Ballots for the Aug. 4 primary include a proposition for a sales tax of up to two-tenths of 1% on retail sales in Sunnyside to be collected within the district for 10 years. The sales tax would pay for or finance costs of transportation improvement projects identified in the City of Sunnyside Transportation Improvement Program for 2021-26, which was passed at a public hearing July 13.

The current sales tax in Sunnyside is 8%, which includes state, county and city rates, City Manager Martin Casey said in an email. If the proposition passes, the tax would increase to 8.2%.

Voters are asked: Should this proposition be approved?

To pass, the proposition must receive a “yes” from a simple majority (50%) of eligible voters plus 1. There are 43,640 registered voters in the transportation benefit district, according to the Yakima County Elections Office. The district takes in an area slightly larger than the city of Sunnyside.

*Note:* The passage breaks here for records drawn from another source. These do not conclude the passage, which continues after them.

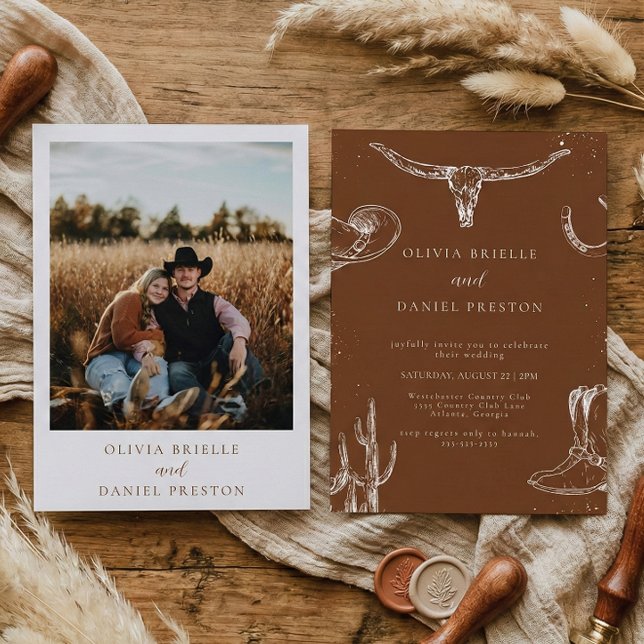 Convites Minimalist Western Rustic Country Photo Wedding (Criador carregado)
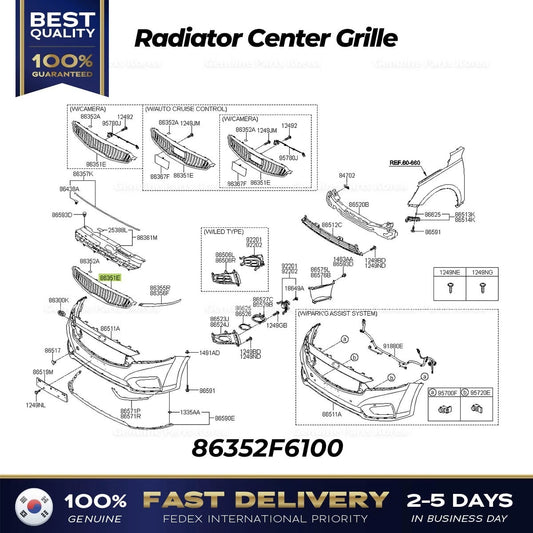 ⭐Genuine⭐ Radiator Center Grille 86352F6100 for Kia K7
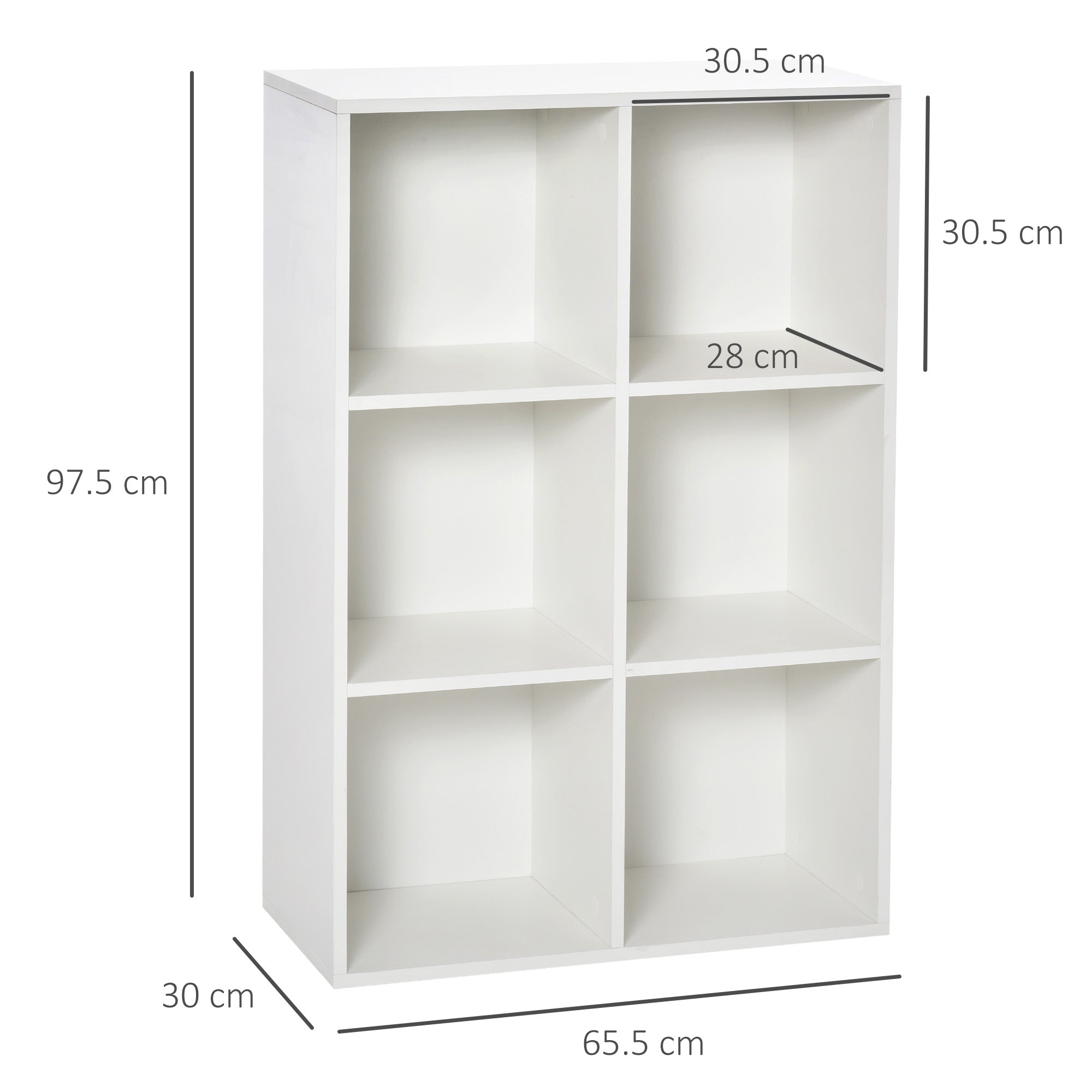 HOMCOM Six-Cube Bookcase - White Wood Effect 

If approved, the new sales tax would generate an estimated $400,000 in annual revenue, according to a fact sheet Casey provided. Passage of the proposition would provide a funding source for 10 years for local transportation.

Maintaining city streets, alleys, bridges, sidewalks and gutters so they’re safe and usable is a constant and expensive responsibility for municipal leaders, who must pick and choose among projects due to funding constraints. Transportation benefit districts offer much-needed funding opportunities for those projects.

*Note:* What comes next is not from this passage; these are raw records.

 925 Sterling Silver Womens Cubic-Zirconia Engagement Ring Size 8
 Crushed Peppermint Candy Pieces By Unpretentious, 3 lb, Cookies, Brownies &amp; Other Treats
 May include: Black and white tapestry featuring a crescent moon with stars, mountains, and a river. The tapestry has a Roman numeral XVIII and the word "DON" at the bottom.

In creating the transportation benefit district, city officials had the option of imposing an annual vehicle fee, by majority vote of its governing board, up to the amount allowed by law (currently up to $30) without a public vote. Such districts also have other revenue options subject to voter approval.

Sunnyside leaders chose a sales tax to generate revenue, rather than a car tab fee, a possibility that’s come under increased scrutiny in recent years. In November, a majority of voters approved Initiative 976, which limits license fees for vehicles to $30, except for voter-approved charges. A lawsuit halted implementation, but city officials throughout Washington have already halted or curtailed transportation projects.

In Yakima, passage of I-976 halted a $15.5 million project to refurbish North First Street.

“Council discussed the options earlier this year before placing the sales tax proposal on the ballot,” Casey said. “In their deliberations, some council members expressed that voters had made clear their views on car tab fees and favored giving voters the choice whether to raise the sales tax rate.”